結論を先延ばしにすることは「簡略化への欲望」によって好まれないが、

 ただ早く早く。正しいとされている結論がほしい。そのためにことを急ぎたい。早く早く。そうなっては、もうその思考プロセスは、あなたの人生にプラスにはならない。

「簡略化」。
 これを好まない誰かはいない。みんな「簡略化」が大好きだ。それは間違いない。「つまり」「結論として」「要するに」…そんな言葉を誰だって待っている。手ぐすね引いて。今か今かと、それに出会うために生きているかのように。
 じっさい、簡略化が人生の目的だと言っても過言でないのは、それは本能からくる感情だからだ。早く見聞きしたいし、すぐにでも体験したいし、とにかく満足したい。欲望は限りない。次々とやってくるそれらをできるだけ多く摂取したものが人生の勝者だ。

 だから私達は、簡略化を拒むことができない。

 未来は何が起こるか分からないのだから。利益を得られる内に得ておきたいし、素早くそれを消化して次に行きたい。そんな気持ちが生じるのもいたしかたがない。それは生存戦略だ。そしてそこからくる私達の性癖である。
 その結果として私達の行動原理は絡的的になってしまう。たとえそうであることが良くないと知っていても、実感しても、しっぺ返しを食らっても、どうしようもなく思考はショートカットを尊ぶ。ふと魔が差すように、人間の選択は目の前にした長距離よりも、じっくりとした戦略よりも、時間をかけた築城よりも、あっさりとそしてすんなりと、かつすっきりしたものを選んでしまう。
 そのせいで数々の失敗を引き起こすだろう。短慮は浅慮と言われるように、事実として、それは熟考とはかけ離れた結果を生む。

 しかし、「慎重派」と呼ばれる人々がいる。その人々は簡略化を好まず、よく考えた上で結論を出すのではないか? そういった人々がいることで、全体としてバランスが取れるようにこの世は成り立っている。

 残念ながら、慎重派と呼ばれる人々であっても、簡略化の欲望に抗えているかといえばそうではない。そういった人々が好むのものは「より良い結論」であって、「よく考えること」ではないからだ。単に、そうした方が良いから熟考するのであって、早く出せるものなら出せる方が良いと感じているはずだ。
 もし、「考えること」それそのものが目的ならば、その思考パターンは生物として、そして社会として外れてしまっている。
 生きるためには、そのために役立つ「結論がいち早く」ほしいことは明白である。誰にとっても。だから、たとえどのようなタイプの正確であっても、簡略化の欲望に逆らうことは難しいのである。

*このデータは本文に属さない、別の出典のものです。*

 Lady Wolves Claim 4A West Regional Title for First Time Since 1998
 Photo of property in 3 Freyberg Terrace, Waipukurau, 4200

 そのために大切なのは、その簡略化が「短絡化」にならないようにすることだ。それとこれとは話が違う。簡略化は不必要なものを仕分けることにも繋がるが、短絡化してしまった思考はもはや見境なしである。

 ただ早く早く。正しいとされている結論がほしい。そのためにことを急ぎたい。早く早く。そうなっては、もうその思考プロセスは、あなたの人生にプラスにはならない。

 自身の思考を律することは、いつだって大切なことである。